Egg discrimination by hosts is an antiparasitic defence to reject foreign eggs from the nest. Even when mimetic, the presence of brood parasitic egg(s) typically alters the overall similarity of all eggs in a clutch, producing a discordant clutch compared to more homogenous clutches of composed only of hosts’ own eggs. In multiple parasitism, the more foreign eggs are laid in the nest, the more heterogeneous the overall clutch appears. Perceptual filters and recognition templates cannot explain the known pattern of lower rejection rates of foreign eggs in multiple vs. single parasitism. We therefore assessed the role of clutch homogeneity and manipulated the colour of one or more eggs in the clutches of great reed warbler (Acrocephalus arundinaceus) hosts of common cuckoos (Cuculus canorus). Varying the colours of both the majority and the minority eggs caused predictable shifts in the rejection of the focal egg(s), and ejection rates of the minority egg colour consistently increased but only when it belonged to a more mimetic egg colour, relative to the less mimetic colour of majority eggs. The results imply that in addition to sensory filters, and template‐based cognitive decision rules, discordancy‐based rejection is affected by the overall clutch appearance and interacts with specific colours varying in the extent of mimicry, to contribute to the recognition decisions of hosts to reject parasitic eggs.     
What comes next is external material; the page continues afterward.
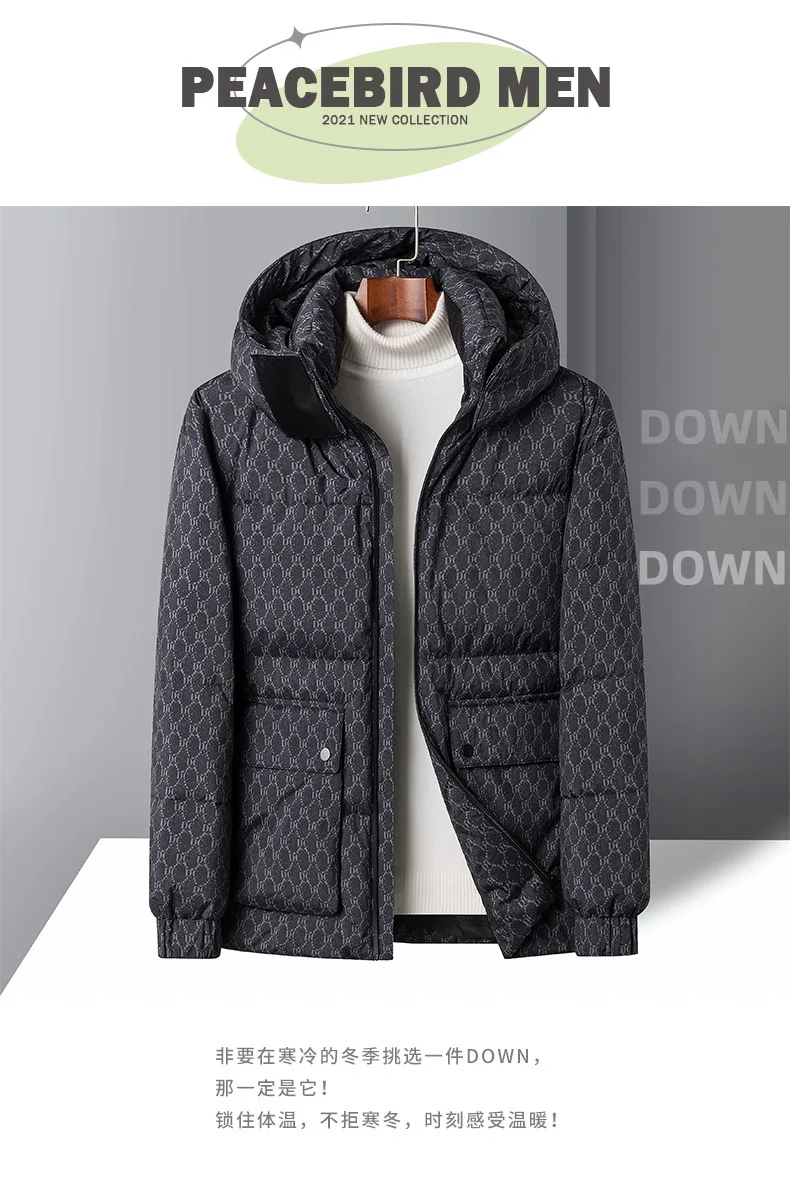 Dutrieux/men's winter new stand collar Down jacket white duck down casual fashion coat men  winter coat  jackets for men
No change in common cuckoo Cuculus canorus parasitism and great reed warblers’ Acrocephalus arundinaceus egg rejection after seven decades

The coevolutionary process among avian brood parasites and their hosts involves stepwise changes induced by the antagonistic selection pressures of one on the other. As long‐term data on an evolutionary scale is almost impossible to obtain, most studies can only show snapshots of such processes. Information on host behaviour, such as changes in egg rejection rates and the methods of rejection are scarce. In Hungary there is an interesting case between the common cuckoo Cuculus canorus and the great reed warbler Acrocephalus arundinaceus, where the level of parasitism is unusually high (around 50%). We compared host rejection rates and methods of rejection from within our own project to that of an early study carried out and published almost 70 yr ago in the same region. Our comparisons revealed high and stable rates of parasitism (range: 52–64%), and marked fluctuations in the ratio of multiply parasitized nests (range: 24–52%). No difference was revealed in egg rejection rates after 7 decades (34–39%). Linear mixed‐effects modelling revealed no year effect on the type host responses toward the parasitic egg(s) during the years of study (categorized as acceptance, ejection, burial, and nest desertion). Cuckoo egg rejection was primarily affected by the type of parasitism, as more cuckoo eggs were rejected during single parasitism than from multiply parasitized nests. Our comparison did not reveal any directional changes in this cuckoo–host relationship, except a slight decrease in the frequency of multiple parasitism, which is likely to be independent from coevolutionary processes.